The Kalegi are a dying race, on the verge of being obliterated by their own land. Only one village survives. Refugees from the volcanic eruption that destroyed the Kalegi city took shelter among a religious sect that abandoned the city, believing its technology offended the gods of the volcano.

Imeg's parents are the children of refugees. They've earned a respected place for themselves in the village, despite holding on to many of the old ways. Coming of age, Imeg struggles to do the same, unaware of the history and political undercurrents that complicate his task. Then signs appear that the mountain will soon erupt again, and Imeg must persuade the villagers to save themselves as the village priest blames his family for angering the gods.

Centuries later, almost all trace of the Kalegi is gone. Maelene, a fourteen-year-old human raised in space, is stranded in a mining colony at the base of the same volcano when her parents die. She stumbles, quite literally, onto Imeg's story, preserved through the years. Distracted by grief, overprotective foster parents, culture shock, and the effects of her encounter with the alien recording technology, Maelene must find her own place before she can understand that Imeg's warning still applies in her time.

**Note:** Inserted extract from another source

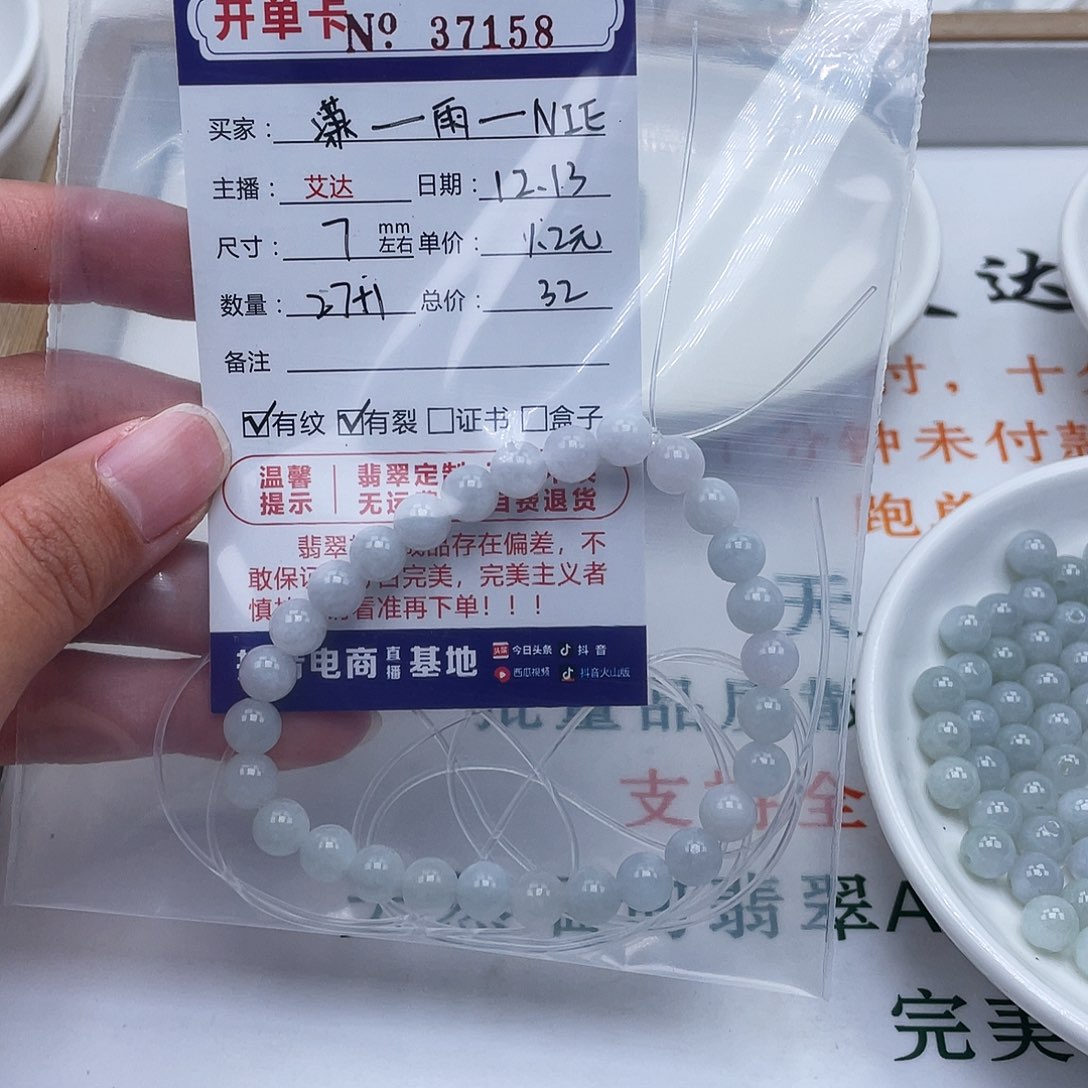 潇***E翡翠未镶嵌手链天然翡翠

The volcano is going to erupt again?
Gosh, didn't see that one coming.

You're awash in generalities here.
And how are you going to deal with the segue between the first and second story? Which is the main one? Are they equal. Neither seems very vivid right now.

4 comments:

skybluepinkrose said...

Sounds like Maelene is the MC. You need to start the hook with her.

Anonymous said...

The machine is the hook. Everything else is scenery. Alien worlds and artifacts are getting too commonplace to get anyone excited any more. You're going to have to reveal the nature of the machine, and it needs to be something really cool. Then, and only then, will the rest of it be compelling IMO.

writtenwyrdd said...

Okay, the tandem stories can work. But I am not sure what the ancient history brings to the human girl's experience.

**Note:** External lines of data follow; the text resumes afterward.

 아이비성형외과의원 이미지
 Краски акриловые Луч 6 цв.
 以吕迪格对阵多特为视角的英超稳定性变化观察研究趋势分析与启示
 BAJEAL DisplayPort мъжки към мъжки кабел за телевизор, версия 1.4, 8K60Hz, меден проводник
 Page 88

I am not sure what your real story is. Does the alien's story act as counterpoint to the human's growing understanding of something you haven't told us about? Coping with her parents' death? Survival?

I understand that there is drama in dying races and dead parents, but what is the drama to the story?

jamiehall said...

These two-part stories are very difficult to convey in hooks. Right now, each is fleshed out separately, but the connection between them seems slight. You need to make one front and center, and relate the other as a subplot.